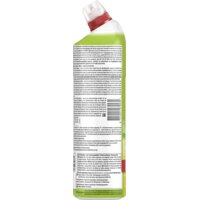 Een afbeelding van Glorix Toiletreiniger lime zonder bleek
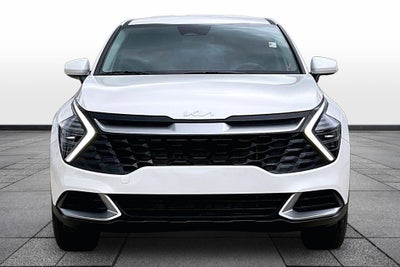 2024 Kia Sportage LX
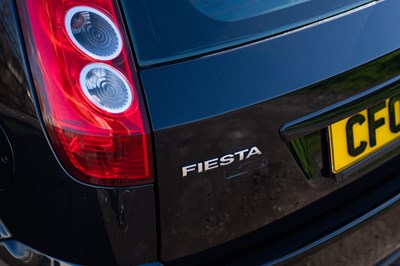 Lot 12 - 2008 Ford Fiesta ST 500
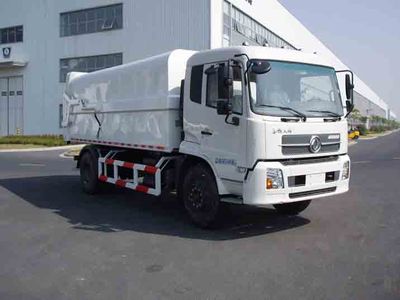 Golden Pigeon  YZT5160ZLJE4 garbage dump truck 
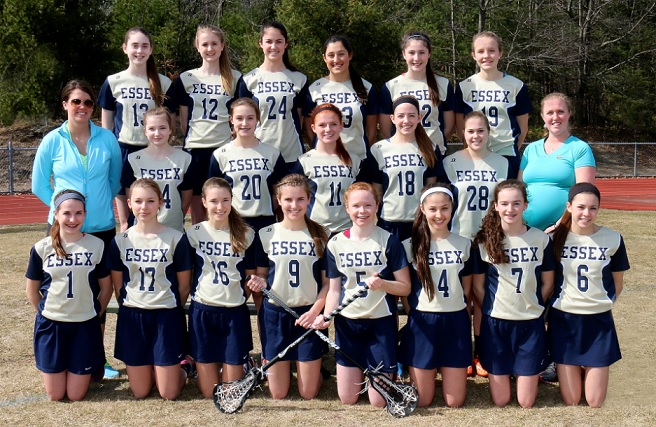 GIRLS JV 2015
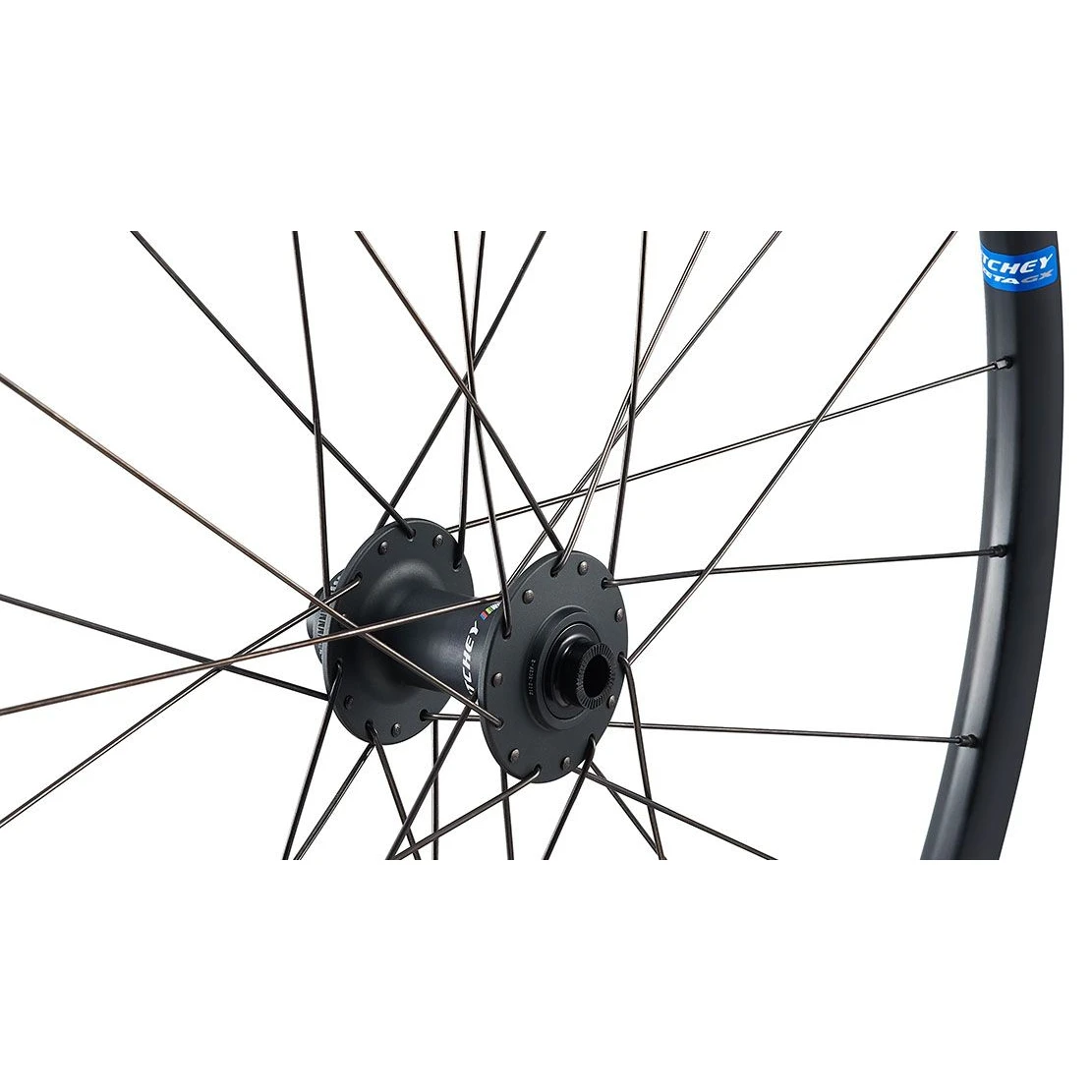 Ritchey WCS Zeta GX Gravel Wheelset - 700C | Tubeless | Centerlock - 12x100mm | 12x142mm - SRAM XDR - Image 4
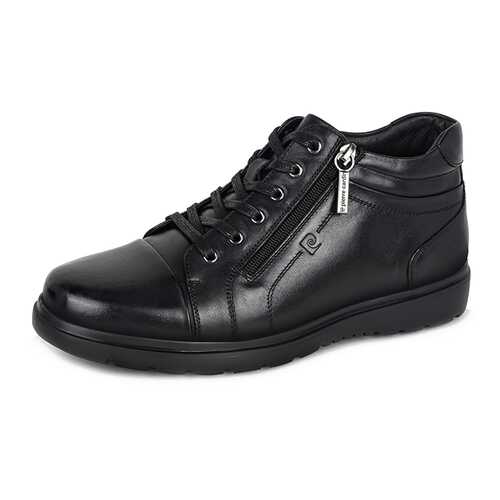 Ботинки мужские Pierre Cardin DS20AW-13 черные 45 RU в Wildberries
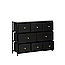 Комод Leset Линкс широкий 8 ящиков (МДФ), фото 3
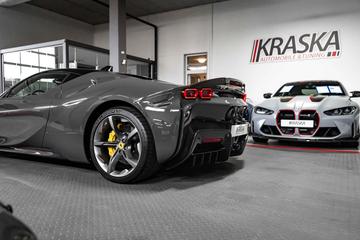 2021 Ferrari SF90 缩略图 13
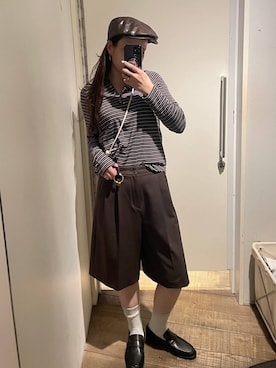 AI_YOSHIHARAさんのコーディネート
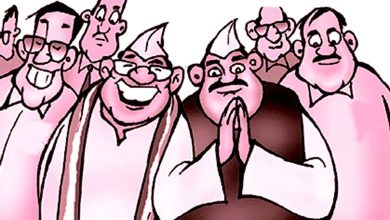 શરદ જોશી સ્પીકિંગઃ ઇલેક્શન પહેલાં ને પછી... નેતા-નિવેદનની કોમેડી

==

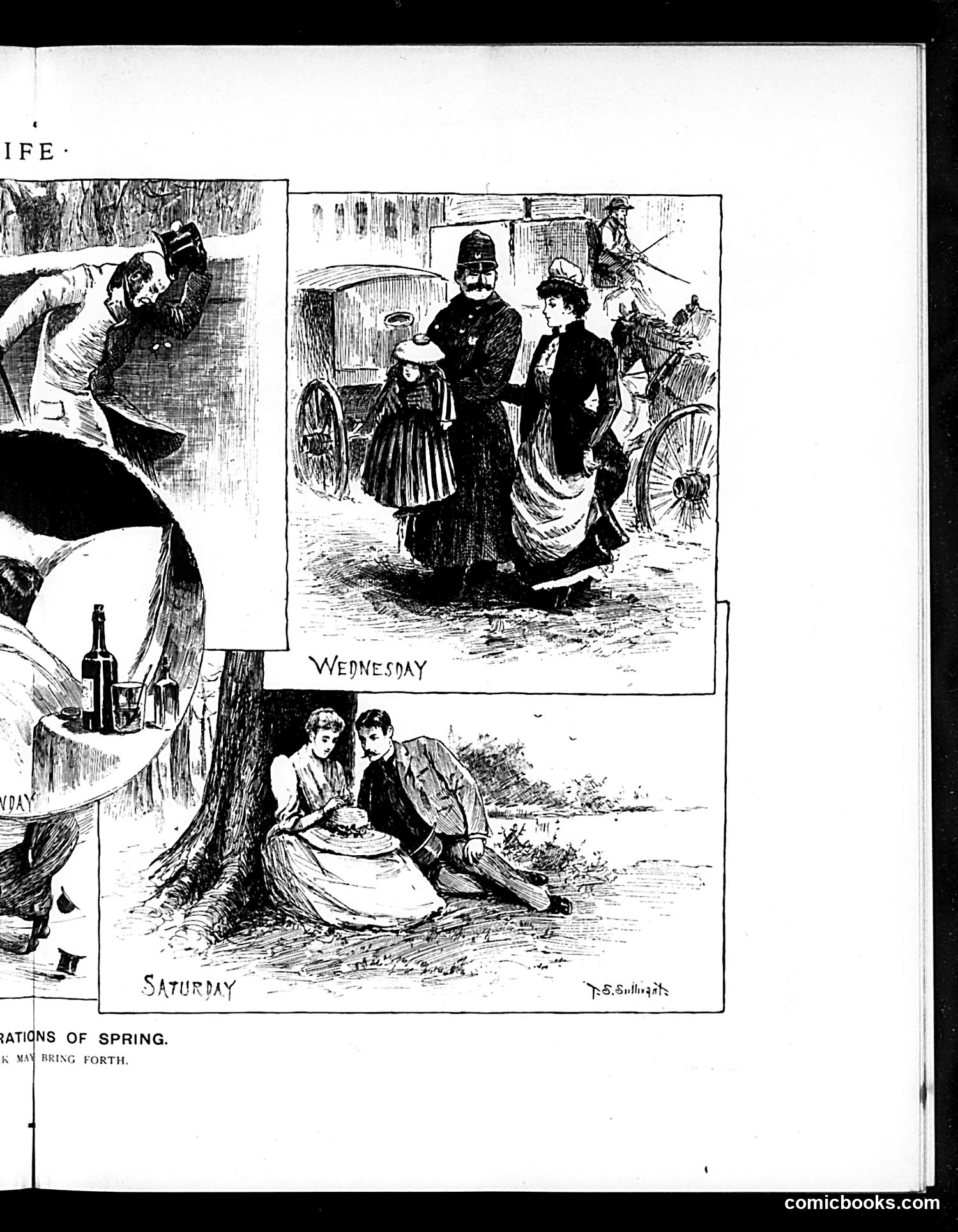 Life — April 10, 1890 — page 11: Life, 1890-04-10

● DIRECTIONS
Within these entries, output exactly the lines starting at the one with "AI_YOSHIHARAさんのコーディネート" and finishing at the one with "શરદ જોશી સ્પીકિંગઃ". Leave pictures out of the output.

● SOLUTION TO THIS TASK
 AI_YOSHIHARAさんのコーディネート
 શરદ જોશી સ્પીકિંગઃ ઇલેક્શન પહેલાં ને પછી... નેતા-નિવેદનની કોમેડી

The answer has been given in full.